“How the Internet Is Changing, and How It’s Changing Us.”

From an Inside the Times feature by Kevin Roose headlined “A Deep Dive Into the Web’s Influence”:

For many of us, the world has been reduced to what we experience on screens. And the things on those screens are not neutral or inert. They’ve been put there on purpose and arranged, often by a combination of humans and sophisticated forms of artificial intelligence, to accomplish some goal. Maybe that goal is to make us click, buy or share. Maybe it’s to persuade us, or harden some part of our identity. Most of the time, what these machines want from us appears harmless. Once in a while, it actually is.

Marshall McLuhan, the 20th century media theorist, is often credited with saying, “We shape our tools, and thereafter our tools shape us.”

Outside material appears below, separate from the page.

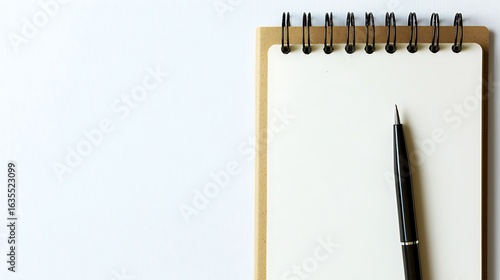 Spiral notebook with pen placed on top of page on white background taken with zoom lens at 85mm, focus on pen alignment and spiral binding details, clean bright studio lighting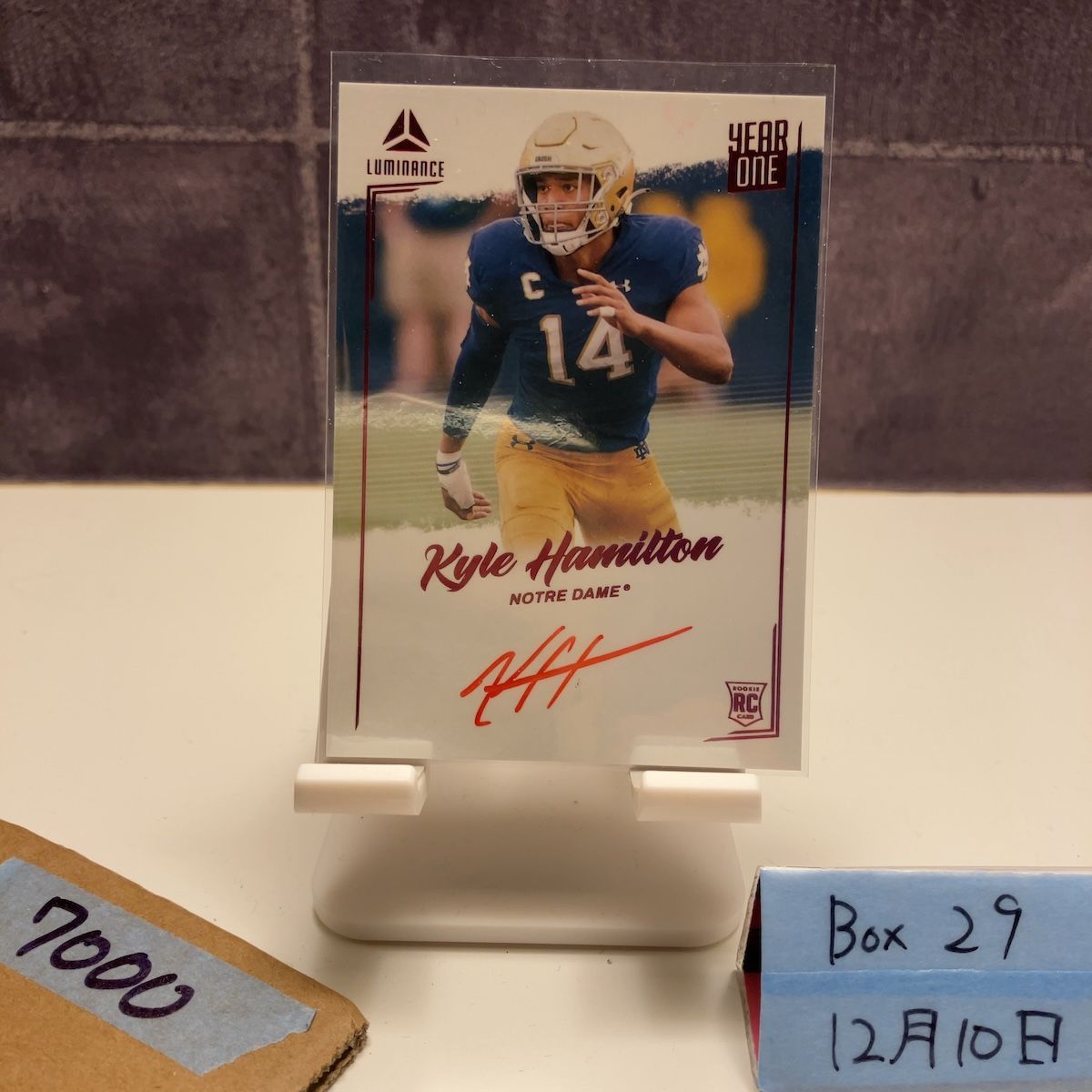 2022 Panini Luminance Kyle Hamilton 直筆サインカード Notre Dame Year One RC ルーキー Rookie カード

We know, by now, how we’ve shaped our tools. The origin stories of our internet mega-platforms have been told over and over again, in glossy business magazines and cable news specials. We know that Twitter ignited the Arab Spring, and that Facebook ads helped elect President Trump. We know that Google knows everything about us, and that Instagram’s effect on our culture has been immeasurable. . . .

 I’ve been obsessed with the internet since I was a preteen, and I’ve been fascinated as things I used to consider niche phenomena — things like ad microtargeting, meme culture and online conspiracy theories — have wormed their way into the center of the national discourse. In the past few years, internet culture has emerged not just as a nerdy subculture, but as mass culture itself. And our reliance on the internet as a primary source of information, entertainment and community seems to be changing the ways we talk, the things we enjoy and the sources we trust. . . .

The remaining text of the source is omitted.